Be persuasive in your letter.

Use personal pronouns. It is perfectly fine to use “I,” “we,” and “you” in your business letter. Refer yourself as “I” and reader as “you.” While writing the letter on an organization’s behalf, you should use “we” so that the reader knows that the company stands behind the statement.

Write clearly and concisely. The reader will only respond quickly when the meaning is crystal clear. Result or action you wish to take because of letter, state what it is. Explain position in as few words as possible.

Use the active voice. Ensure to choose the active voice when describing a situation or making a request. The passive voice can make writing ambiguous or impersonal whereas the active voice is more streamlined and straight to the point.

Be conversational when appropriate. Letters are written by people to people. Avoid form letters. You cannot build a relationship with canned impersonal letters. Use judgment while determining personality.

Be courteous. While even writing a complaint, you must be courteous.

Use the “second-page” letterhead for additional pages. Most business letters should be concise enough to be one page in length only. You may want to include the recipient’s name and the date.

Wrap it up. In the last paragraph, summarize the points and clearly outline either planned course of action or what you expect from the recipient.

How to Write a Letter : Closing the Letter

Choose a closing. The closing, like the salutation, is an indicator of respect and formality. “Yours sincerely” or “Sincerely” is generally a safe bet; also consider “Cordially,” “Respectfully,” “Regards” and “Yours Truly.”

Sign the letter. Leave about four lines empty for signature. Sign the letter after you’ve printed it, or, if you’re sending it via email, scan an image of signature and affix it to the part of the letter. Blue or black ink is preferred.

Include your typed name and contact information. Beneath the signature, type name, title, phone number, email address and any other applicable means of contact, writing in each line.

Add the typist’s initials. You should add person’s initials below the signature block while someone other than the writer typed up the letter.

Make note of enclosures. If you’ve enclosed additional documents for the recipient to review, note this a few lines beneath your contact info by noting the number and type of documents. For example, write: “Enclosures (2): resume, brochure.”
You can also abbreviate “Enclosures” by writing “Encl.” or “Enc.”

Add additional recipients’ names. While you are sending a copy of the letter to another person, you must include this in the letter. This is noted by typing “cc:” below the “Enclosures” line, which stands for “courtesy copy.”
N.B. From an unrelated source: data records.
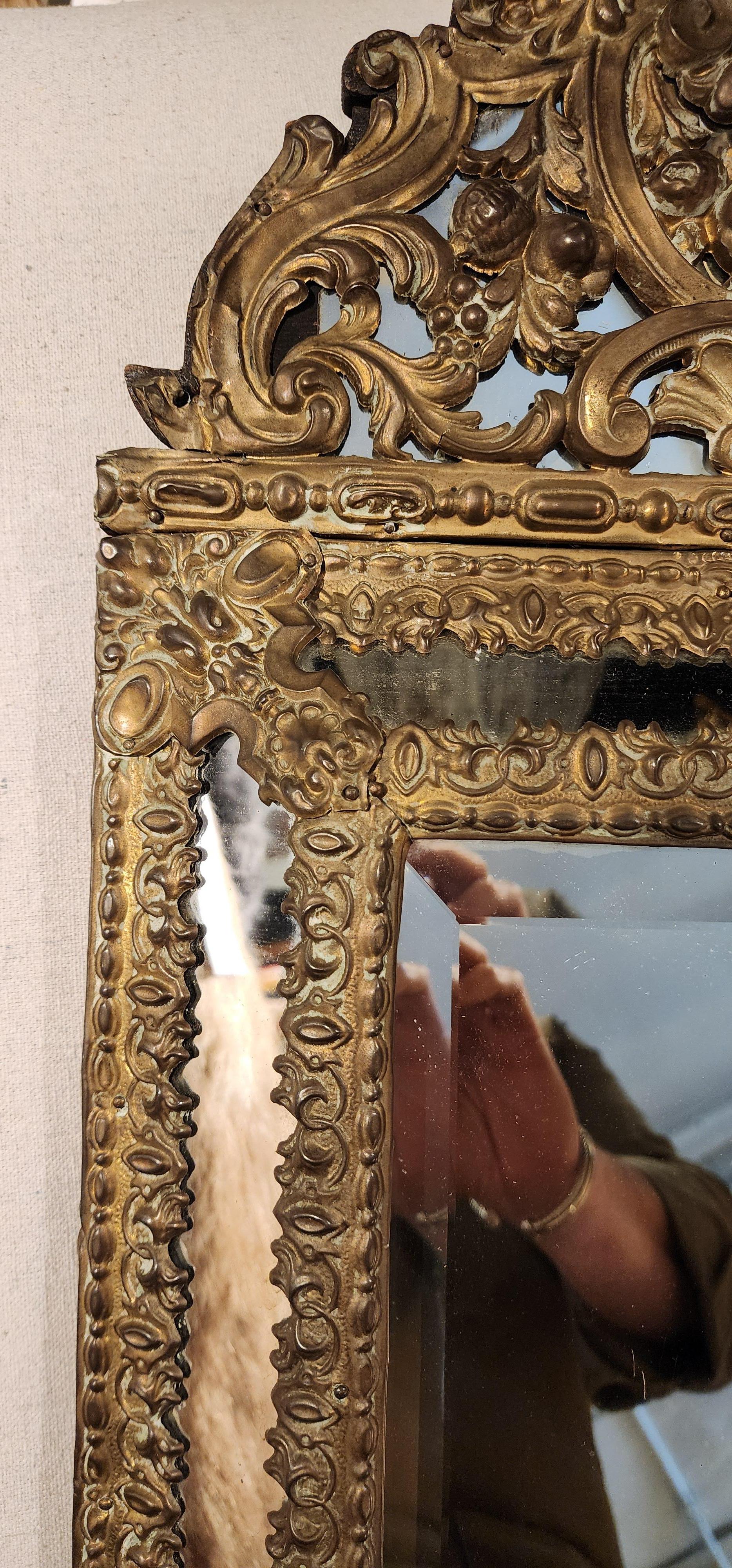 XIXe siècle Miroir hollandais Diminutif en laiton du 19ème siècle en vente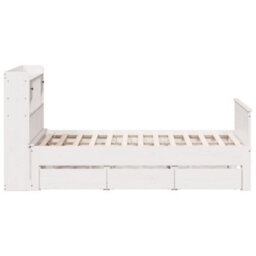 Berkfield Bookcase Bed Without Mattress White 150X200 Cm King Solid Wood Pine - thumbnail 5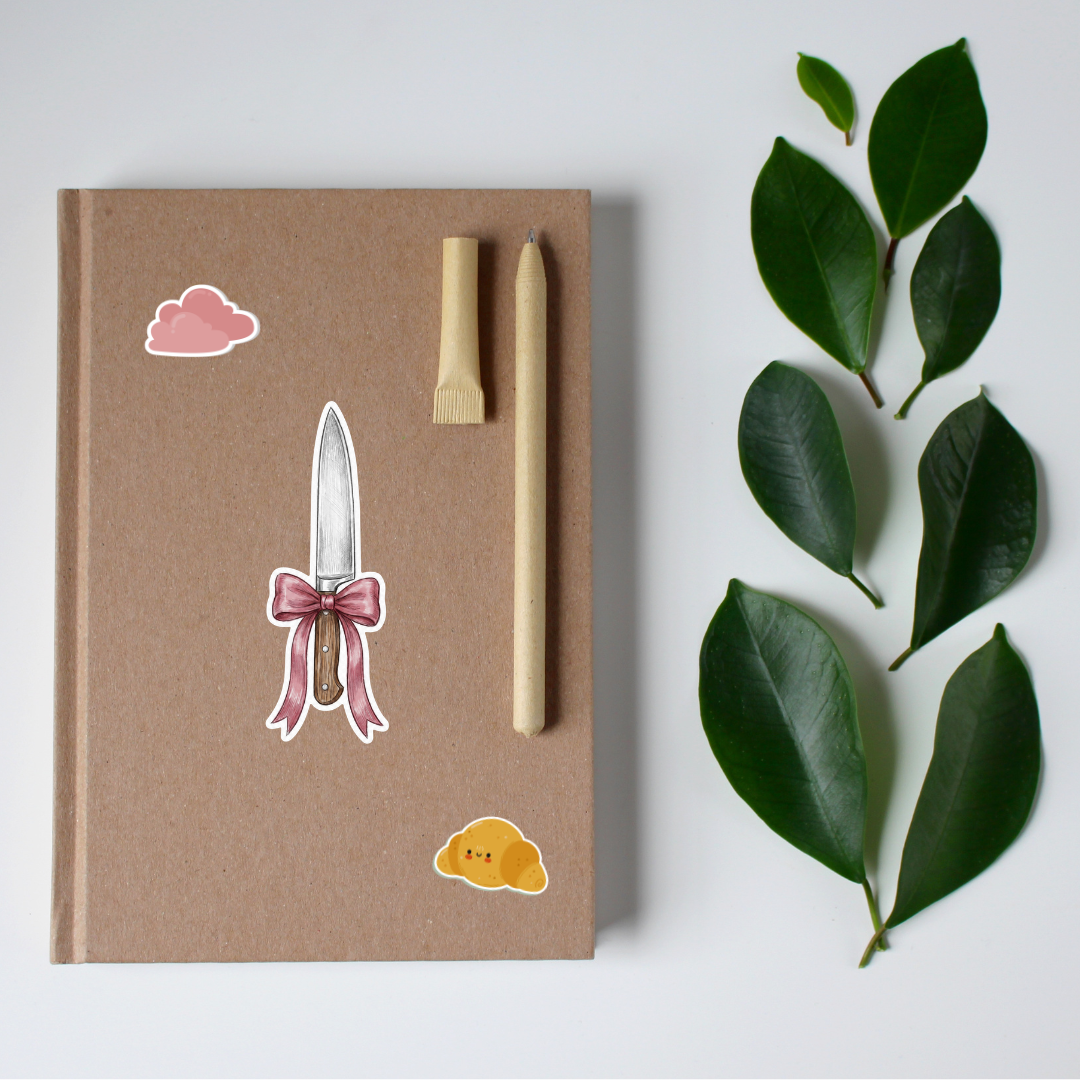 Knife with Pink Bow Die Cut Sticker | Knifecore Coquette | 4.1" x 1.5"-GetBullish-The Bullish Store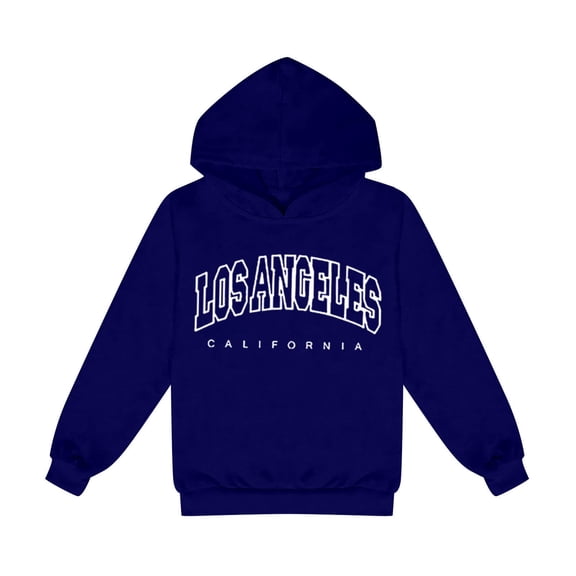 Zylarhe Girls Boys Sweatshirt Girls Hoodies & Sweatshirts Letter Printed Casual Hoodie for Children - Stylish and Comfortable Designs for Young Girls Navy 3-4 Years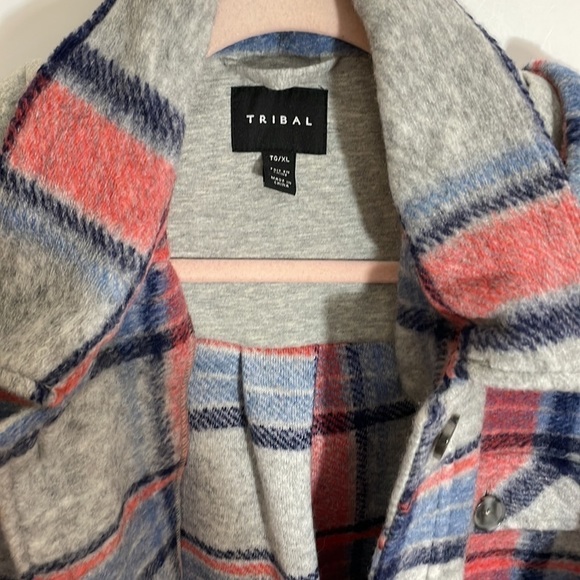 TRIBAL XL PLAID JACKET WITH REMOVABLE HOOD - Picture 8 of 14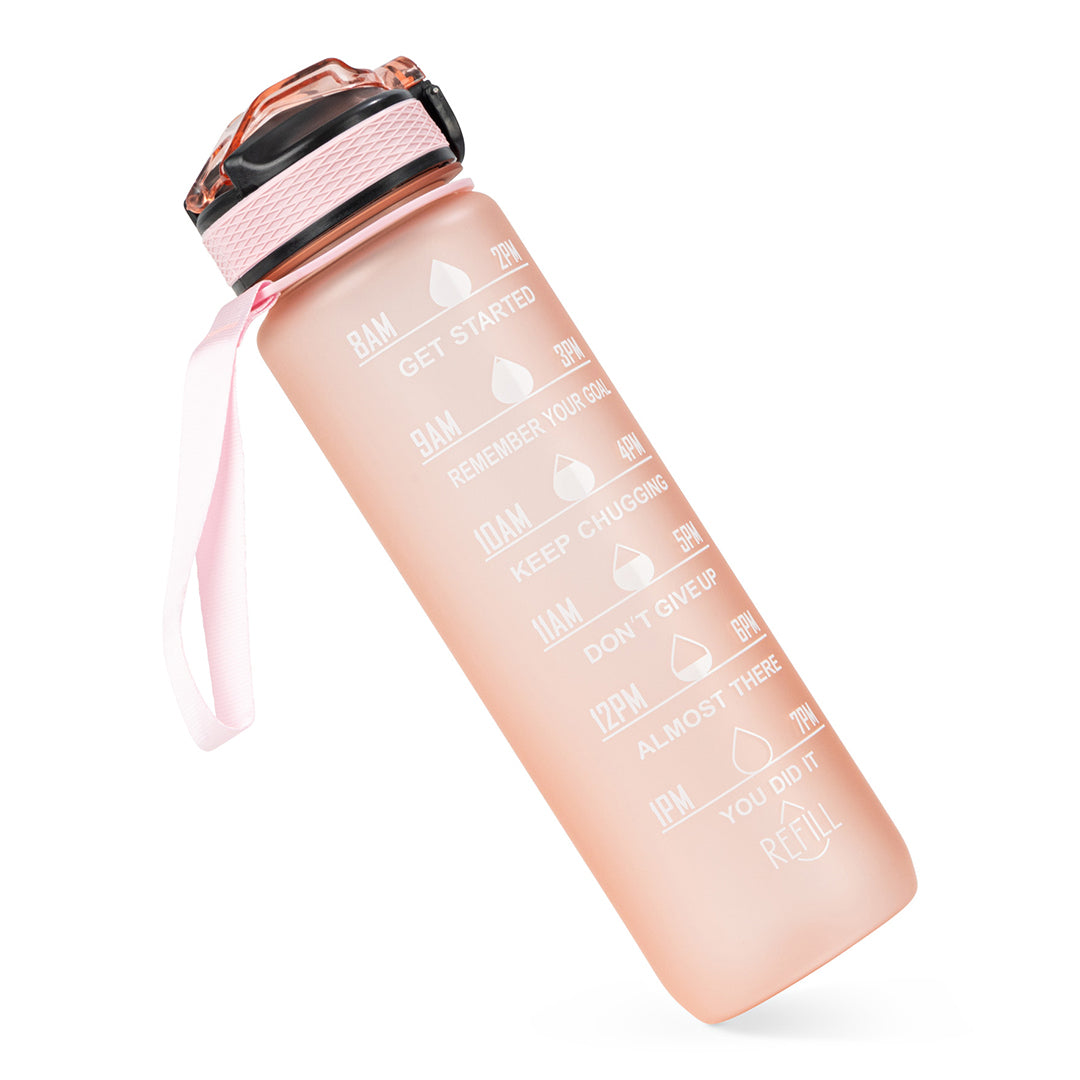 Pink 1L Motivational Water Bottle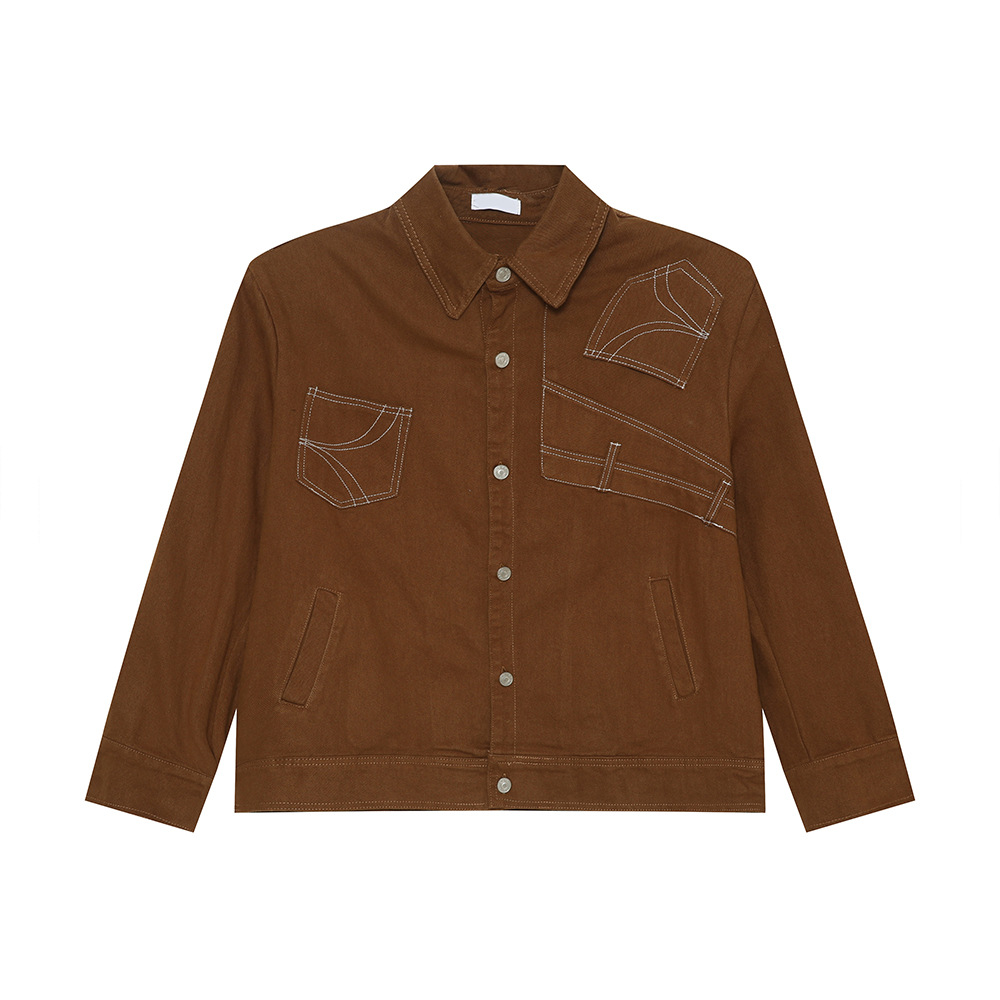 MTLCLOTHES Hombres| Otoño nuevo estilo francés de alta calidad de deconstrucción empalme de hombro de color sólido conjunto de moda vaqueros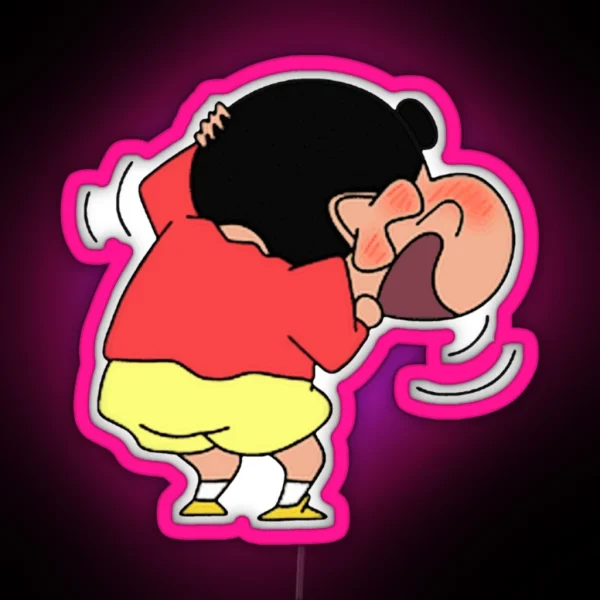 Shin Chan Blushing T RGB Neon Sign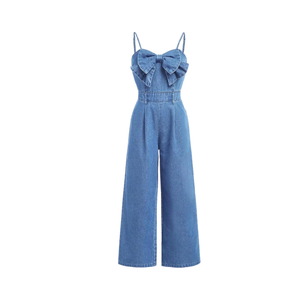 Mono vaquero de mujer con lazo, cuello halter, pierna ancha, cintura alta, atuendo casual de verano - Product Image 4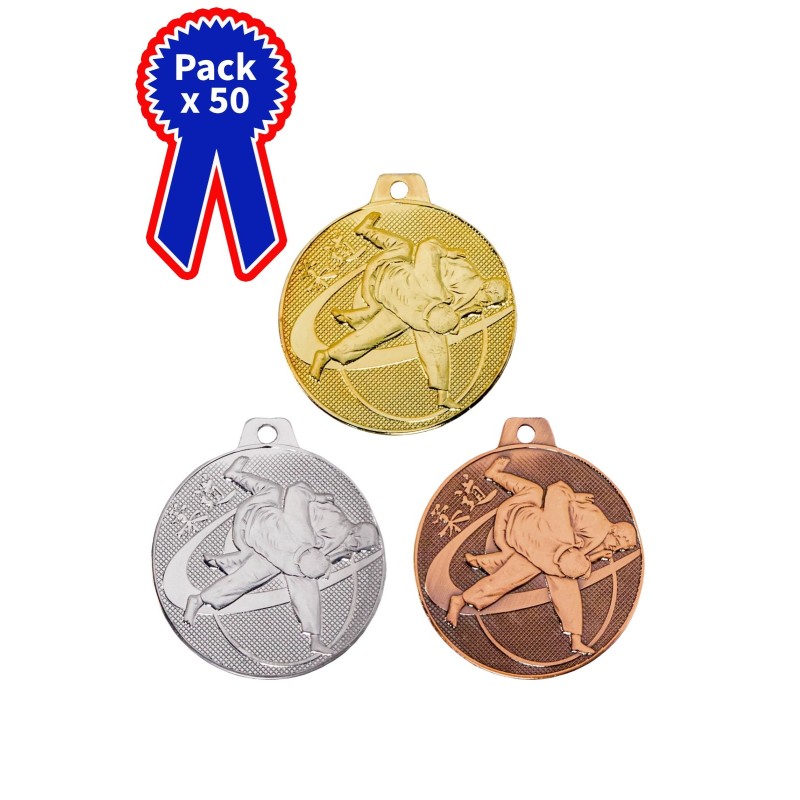 Lot de 50 Médailles Judo en promotion Ø 50mm - Finition or-argent-bronze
How to Write a Letter : Finalizing the Letter

Edit the letter. Presentation is a key element of getting professional. Ensure that the recipient easily see that you edit letter for errors before sending them. Run spellcheck on word processor, and give the letter a thorough read before you send it.

Don’t staple letter. Staples are generally avoided in case of multiple pages. For ensuring the papers stay in order, use a paperclip at the top left corner.

Post the letter. Send the letter via post in a business envelope with the company logo printed on it. Neatly print return address and the recipient’s address. Fold the letter into third parts, ensuring to affix sufficient postage and send it off. If the handwriting is messy and doesn’t match professional persona, type the addresses in word processor and run the envelope through printer for address typing. When letter is extremely important with time-sensitivity, deliver it by courier. For emailing the letter, convert the letter in HTML or PDF to preserve formatting, although it is better to send the physical letter.

Now, these easy-to-learn steps will definitely help and assist you in how to write a letter.